◆ **ENTRIES SUPPLIED**

· · · ·

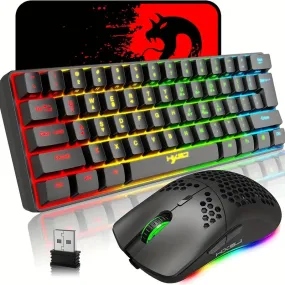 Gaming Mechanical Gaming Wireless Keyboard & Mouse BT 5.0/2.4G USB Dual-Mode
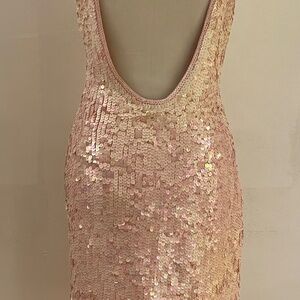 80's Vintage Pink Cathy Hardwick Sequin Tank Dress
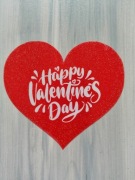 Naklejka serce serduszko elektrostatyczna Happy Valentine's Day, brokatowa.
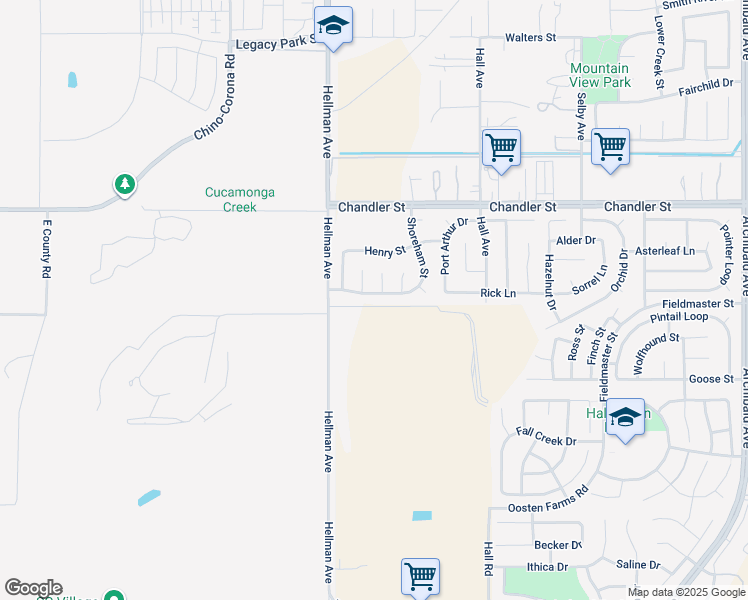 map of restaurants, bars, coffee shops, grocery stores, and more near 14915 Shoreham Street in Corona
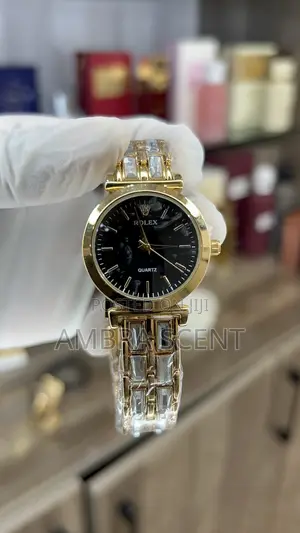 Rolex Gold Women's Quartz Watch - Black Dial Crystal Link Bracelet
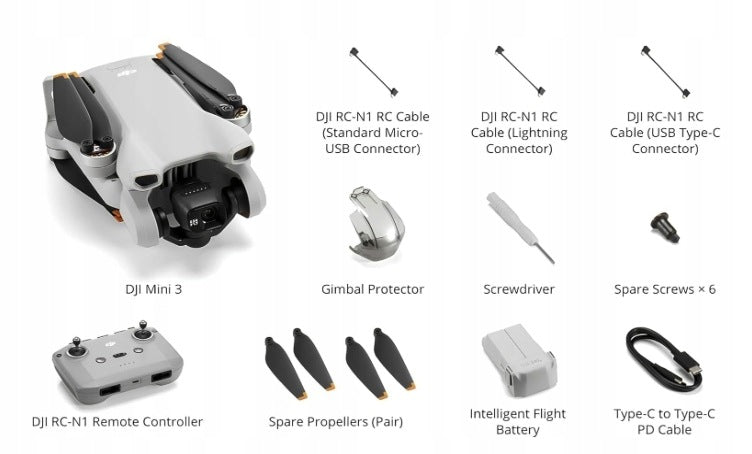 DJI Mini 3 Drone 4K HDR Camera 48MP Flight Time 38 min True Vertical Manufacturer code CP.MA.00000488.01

· · · ·

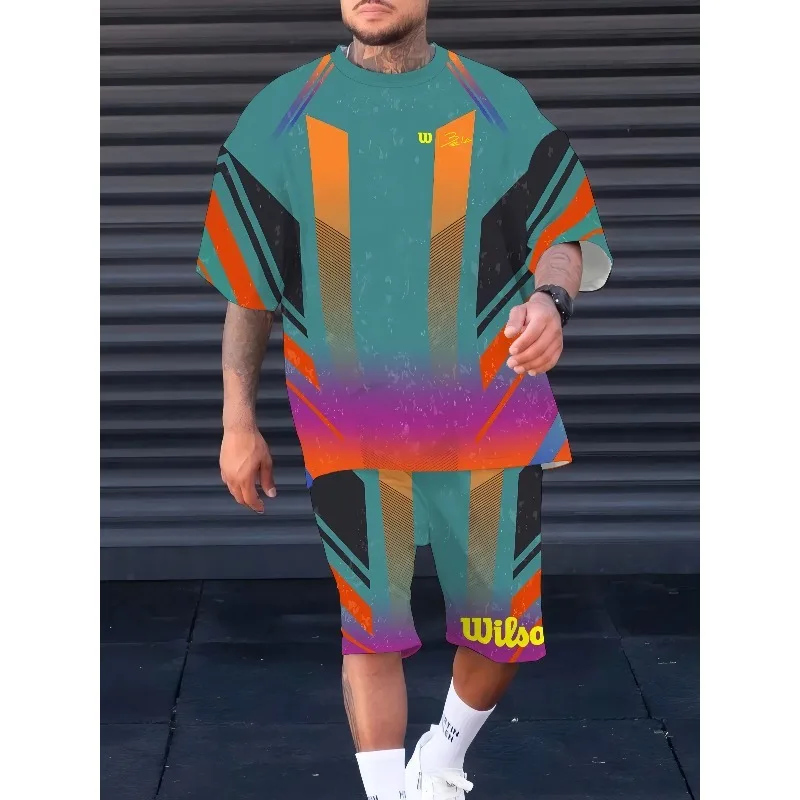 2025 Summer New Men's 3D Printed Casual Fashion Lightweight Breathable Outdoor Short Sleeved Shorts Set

· · · ·

Treat the line with "Naklejka serce serduszko" as the start and the line with "DJI Mini 3 Drone" as the end, and return exactly that span of the data above, both ends included, without pictures.

◆ **RESPONSE BOX**
 Naklejka serce serduszko elektrostatyczna Happy Valentine's Day, brokatowa.
 map of restaurants, bars, coffee shops, grocery stores, and more near 14915 Shoreham Street in Corona
 Rolex Gold Women's Quartz Watch - Black Dial Crystal Link Bracelet
 DJI Mini 3 Drone 4K HDR Camera 48MP Flight Time 38 min True Vertical Manufacturer code CP.MA.00000488.01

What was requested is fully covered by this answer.